Puppeteer is a powerful Node.js browser automation library for integration testing and web scraping. However, like any complex software, it comes with plenty of potential pitfalls.

In this article, I'll discuss a variety of common Puppeteer mistakes I've encountered in personal and consulting projects, as well as when monitoring the Puppeteer tag on Stack Overflow. Once you're aware of these problematic patterns, you can write more robust scraping and testing code, while spending less time debugging and wading through arcane Puppeteer errors.

Pre-requisites

The article was written using Node 18, Puppeteer 19.4.1, Chrome 108.0.5359.125, and Firefox 108.0.1.

We will assume you are familiar with ES6 JavaScript syntax, browser development tools, the browser DOM, and Node, and have previously written some Puppeteer scripts.

Now let's examine the pitfalls of Puppeteer.

Common Pitfalls in Puppeteer for Node.js

Attempting to Return Objects and DOM Elements from evaluate Callbacks

The following snippet should be a familiar pattern to those who've previously used Puppeteer:

const puppeteer = require("puppeteer");
 
let browser;
(async () => {
  browser = await puppeteer.launch();
  const [page] = await browser.pages();
  const url = "https://www.example.com";
  await page.goto(url, { waitUntil: "domcontentloaded" });
 
  const element = await page.evaluate(() => {
    // executed in the browser
    return document.querySelector("h1");
  });
  console.log(element); // => always an empty object, {}
})()
  .catch((err) => console.error(err))
  .finally(() => browser?.close());

Note: I'll skip the IIFE, import, and error-handling boilerplate in the remainder of this article.

The code above attempts to return a DOM element from the browser context back to Node for further processing (clicking it, typing into it, extracting its text content, etc.). However, the evaluate call, which runs code in the browser context, resolves to an empty object in Node. DOM elements are complex structures with circular references and cannot be readily serialized and deserialized. These elements can't be decoupled from the browser environment in a meaningful way.
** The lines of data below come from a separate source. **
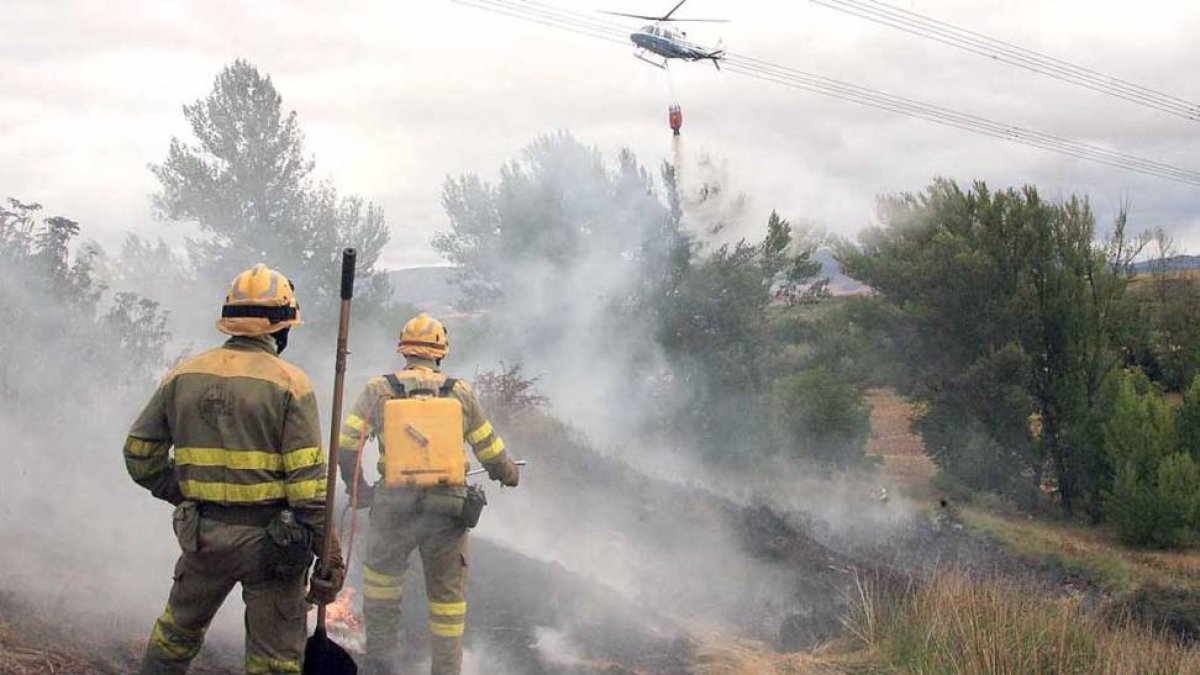 Los incendios han descendido notablemente. En la imagen dos bomberos trabajan en el control de un fuego-ECB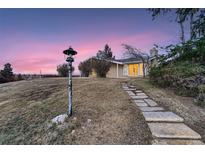 Ranch style home with stone pathway, offering curb appeal at 34 S Raleigh St, Denver, CO 80219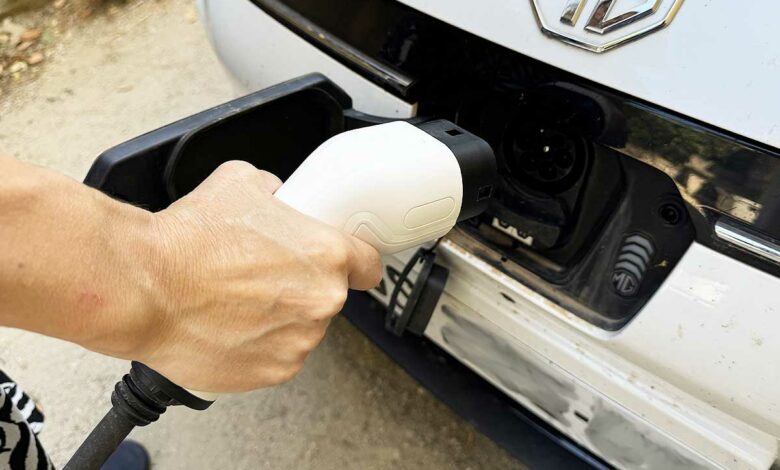Une personne va recharger son véhicule électrique.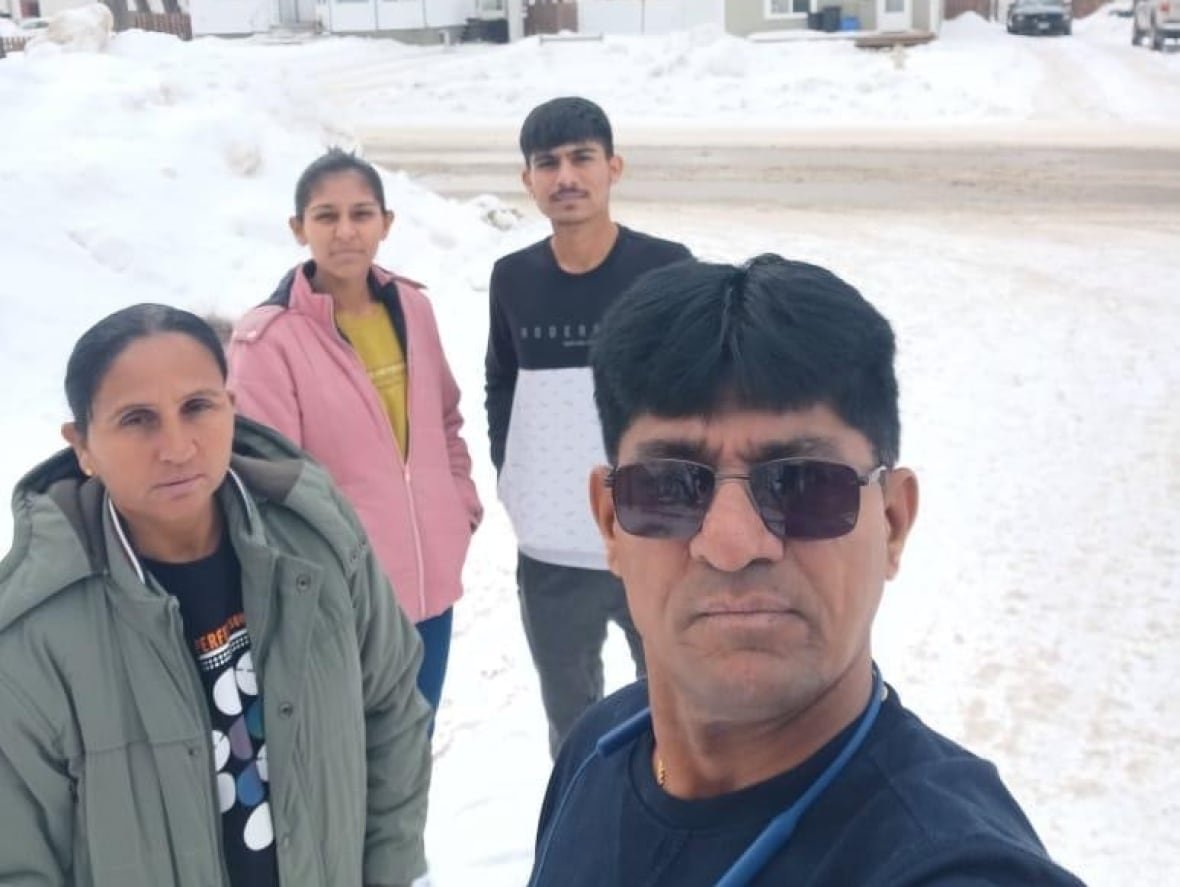 A family of four take a selfie in the snow.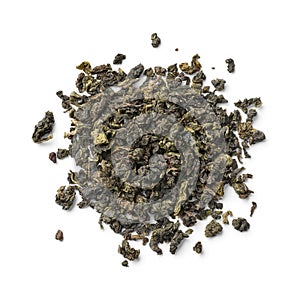 Heap of Chinese Ti Kuan Yin dried tea leaves close up on white background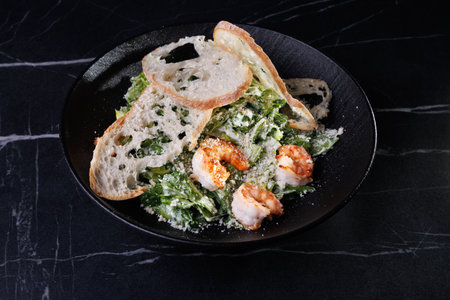 Creamy Shrimp Pasta With Greens and Toasted Bread On a Black Plate Studio Styleの写真素材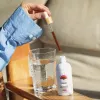 Person adding Reishi mushroom tincture to water for wellness benefits in a cozy setting.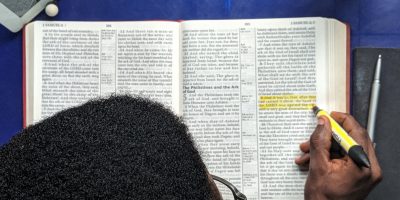 top-view-photo-of-man-reading-a-book-2574619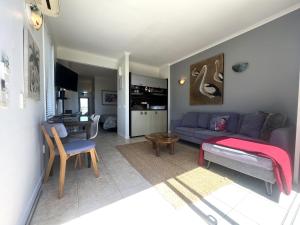 a living room with a blue couch and a table at Villa Aqua at Palm Beach in Waiheke Island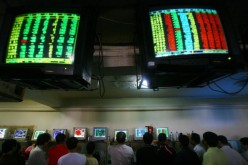 Investors view stock prices displayed on computers at a securities company, June 25, 2007, in Chongqing Municipality, China.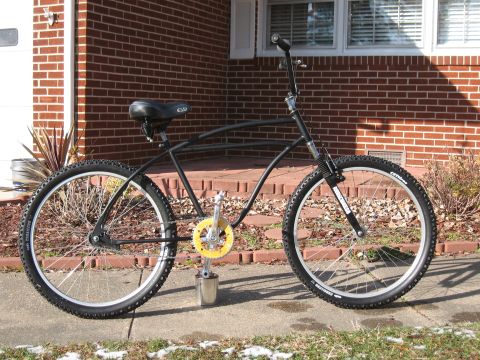 1994 Ford Bronco - A custom black bicycle with knobby tires and a yellow chainring is shown from the side in front of a brick house.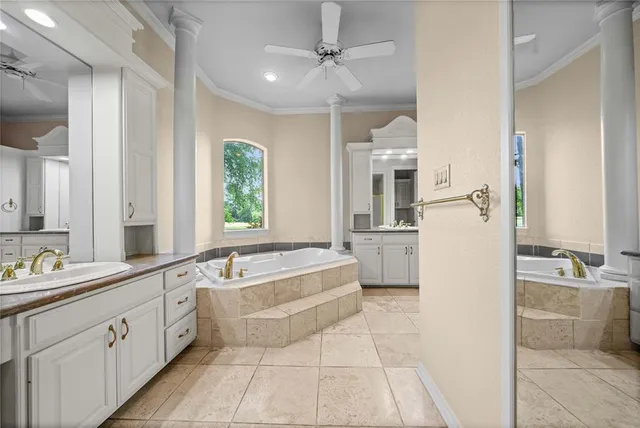 a large spacious bathroom with a tub shower and sink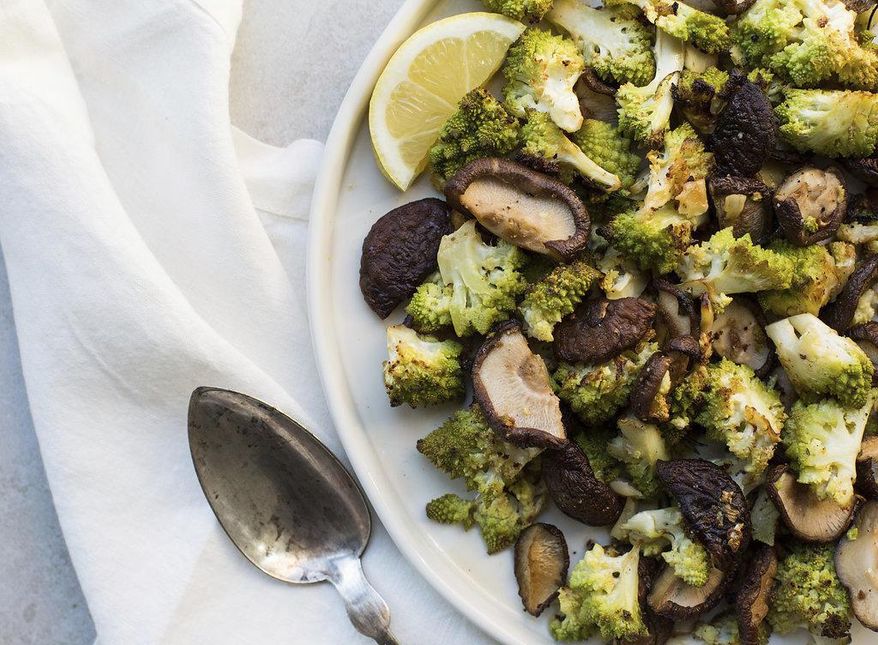 This February 2017 photo shows roasted broccoflower and shiitake mushrooms with rosemary and garlic in New York. This dish is from a recipe by Katie Workman. (Sarah Crowder via AP)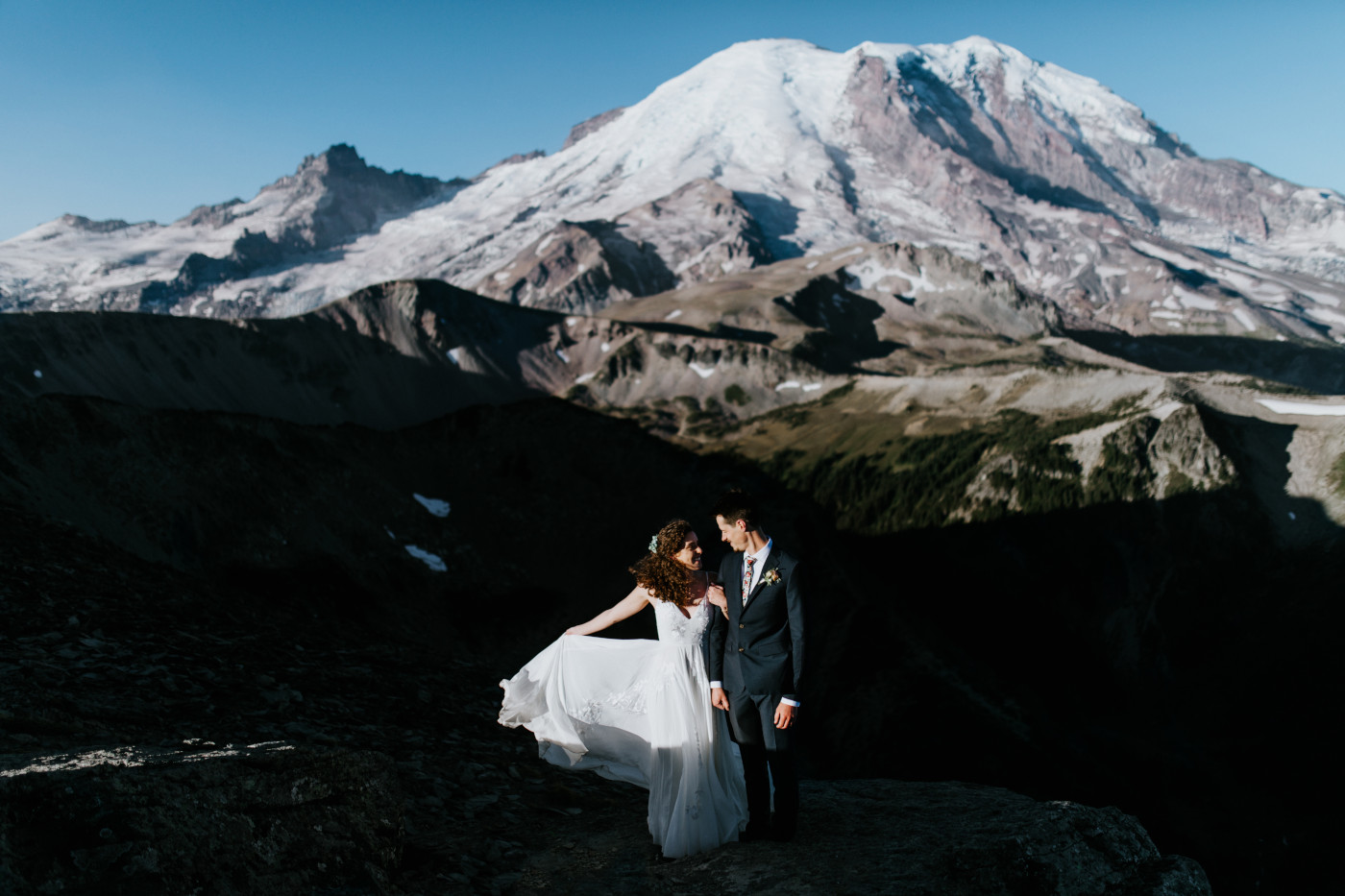 Tasha and Chad stand together. Elopement photography at Mount Rainier by Sienna Plus Josh.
This behavior isn't specific to Puppeteer. Running JSON.stringify(document.querySelector("h1")) on a page with a header element should return '{}' on a Chromium-based browser. Firefox gives 'null', also indicating a serialization failure.

One solution is to use page.$("h1") (or the more general page.evaluateHandle) to create a Puppeteer ElementHandle that exposes an interface to the DOM element. Alternatively, you can use JSHandle which exposes an interface to the JS object. These interfaces enable you to run code in the browser context on the element, possibly to extract serializable data such as text content or element properties, or issue trusted events. Be sure to dispose of these handles when you no longer need them to avoid memory leaks.

I've used evaluate here as it's the most general way to run code in the browser, but the same behavior applies to $eval and $$eval as well. These methods are shorthands for the common case when document.querySelector or document.querySelectorAll is the first line in the evaluate callback.

Trying to Access Variables from an evaluate Callback

At times, variables may appear to be in scope from an evaluate callback in Puppeteer when they aren't. The following example is a bit contrived because we could use $eval, but it nevertheless illustrates the pattern succinctly:

const selector = "h1";
const text = await page.evaluate(() => {
  return document.querySelector(selector).textContent;
});

Here, selector seems like it should be in scope of the evaluate callback, but it doesn't exist when the callback runs in the browser, throwing Evaluation failed: ReferenceError: selector is not defined. Yet again, serialization is the culprit: the browser is a completely separate process from Node that doesn't have your Node variables in scope.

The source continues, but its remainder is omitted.